Die Ganze Woche (German: The Whole Week) is an Austrian weekly boulevard magazine that is published in German.

==History and profile==
Die Ganze Woche was launched by Kurt Falk in Vienna in 1985. He also founded the daily Täglich Alles. The magazine is published on a weekly basis. The publisher and owner of the magazine is Die Ganze Woche GmbH. Senta Ziegler was the editor-in-chief of the weekly until 1993.

Die Ganze Woche concentrates on entertainment news. On the other hand, the magazine also deals with significant political events. For instance, it opposed to the EU membership of Austria. Although it does not support the right-wing populist Freedom Party, the articles published in the magazine express similar views with the party in regard to corruption, immigration, crime rates, and cultural patriotism.

==Circulation and readership==
Nine months after its establishment Die Ganze Woche reached 40% of the readers in the country.

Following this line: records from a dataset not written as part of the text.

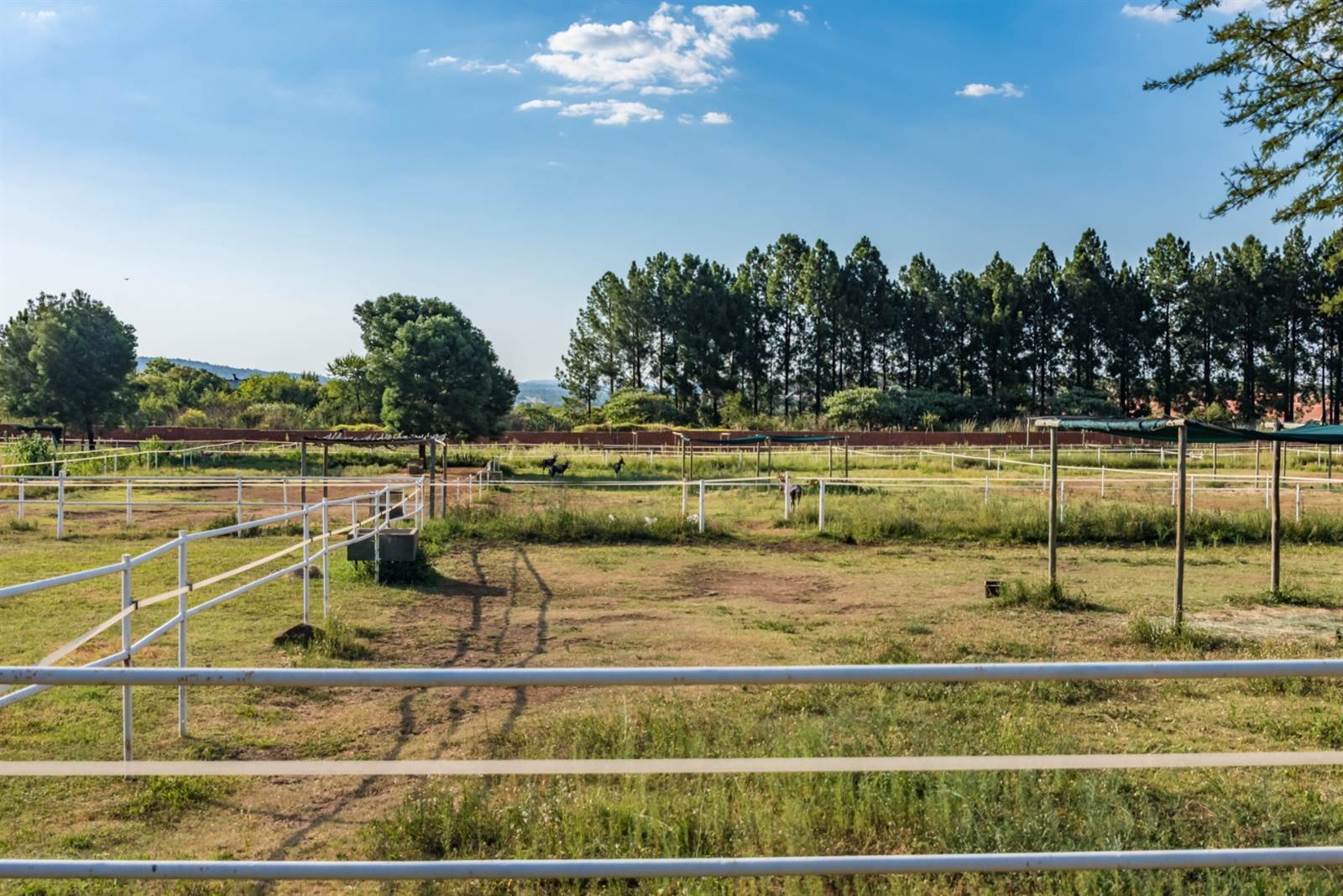 1 ha Land available in Mooikloof Equestrian Estate photo number 9
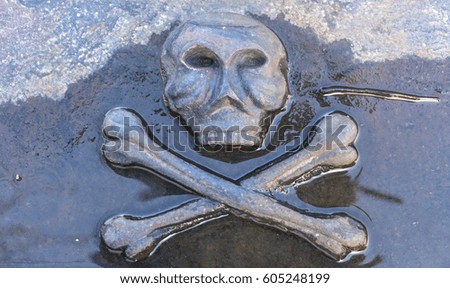 Cheerful roger on gravestone photo close up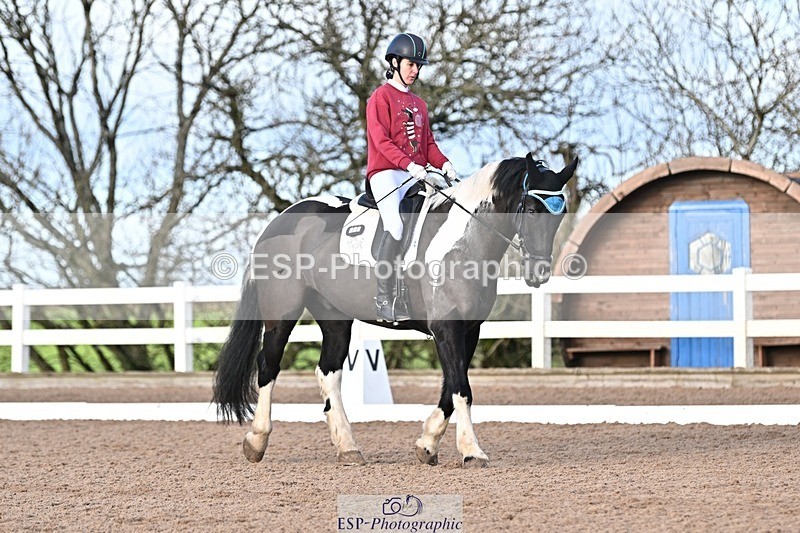 241214-112350-01384 - 130-Alys.Matravers-Tiger.Mazariti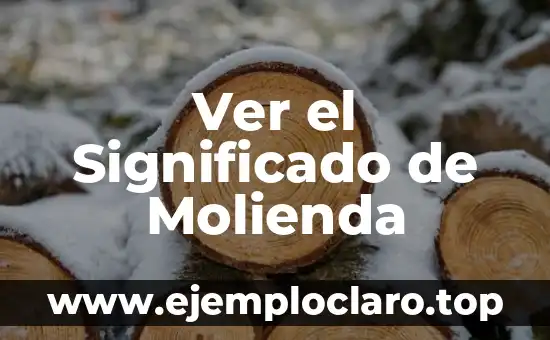 Ver el Significado de Molienda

The magazine sold 342,000 copies in 2003 and 349,000 copies in the first quarter of 2004. In both periods it was the best-selling magazine in the country. The weekly's circulation for the first half of 2007 was 325,794 copies. The magazine sold 396,000 copies in 2007. Its circulation was 318,987 copies for the first half of 2008. In 2008 Die Ganze Woche was again the best-selling magazine in the country. It was the third best-selling general interest magazine with a circulation of 402,000 copies in 2010.

In 2016 the readership of Die Ganze Woche was reported as ranging between 1 and 1.3 million.